2016. The third decade after EDSA. The 30-year commemoration coincided with a presidential election. The VERA Files called it a “fiction of democracy.” People Power continued to be forgotten, and, in fact, questioned if it was worth celebrating anymore.  

Then, as if mocking EDSA’s returned democracy, the duly elected president went on a six-year killing spree, believing it was the only solution against the country’s drug problem.  Ironically, ten years after he began his term, on the 40th commemoration of the People Power Revolution, Duterte now sits on the dock before an international court, on trial for crimes against humanity.

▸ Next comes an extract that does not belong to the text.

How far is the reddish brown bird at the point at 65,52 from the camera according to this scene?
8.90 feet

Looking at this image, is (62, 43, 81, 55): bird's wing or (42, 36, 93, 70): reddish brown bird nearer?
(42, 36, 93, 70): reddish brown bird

How easily do the Filipinos forget their history? But the truth is lessons on how to teach a history of People Power were never made. (I once had a student who told me that until he watched a video of the 1983 Ninoy Aquino assassination, he thought that Ninoy was shot by a sniper from afar!)

We cannot deny the evils that happened during the dictatorship, but what would you say to a new generation of students who are aware and asked you how come those tortures, imprisonments, and corruption that martial law and dictatorship brought are still happening in their generation? Why are those human rights violations and crimes happening beyond the dictatorship years? What did People Power change?

The fourth decade: Historical distortion in the digital age

Then as we approached the forty-year commemoration, what could we see beyond the four decades? The new politics drew a dividing line between parties, now called it (derogatorily) a “yellow” thing, and reduced it to a personality-based event—Ninoy and Cory. Or a “pink” party with former vice-president and now Naga City mayor Leni Robredo, who still wins hands down as an elected public official.

And a disease called historical distortion filled the websites that users watched and learned from without critical thinking.  

The irony of 2022

But we cannot dismiss the irony that in 2022, exactly fifty years after martial law was declared and created a dictatorship under the Marcos Administration, the Filipino people elected the son, his junior Bongbong, to become the President of the Philippines.

Except for the return to democracy, it seemed nothing changed forty years after EDSA.

 
 

How easily do the Filipinos forget their history? But the truth is lessons on how to teach a history of People Power were never made.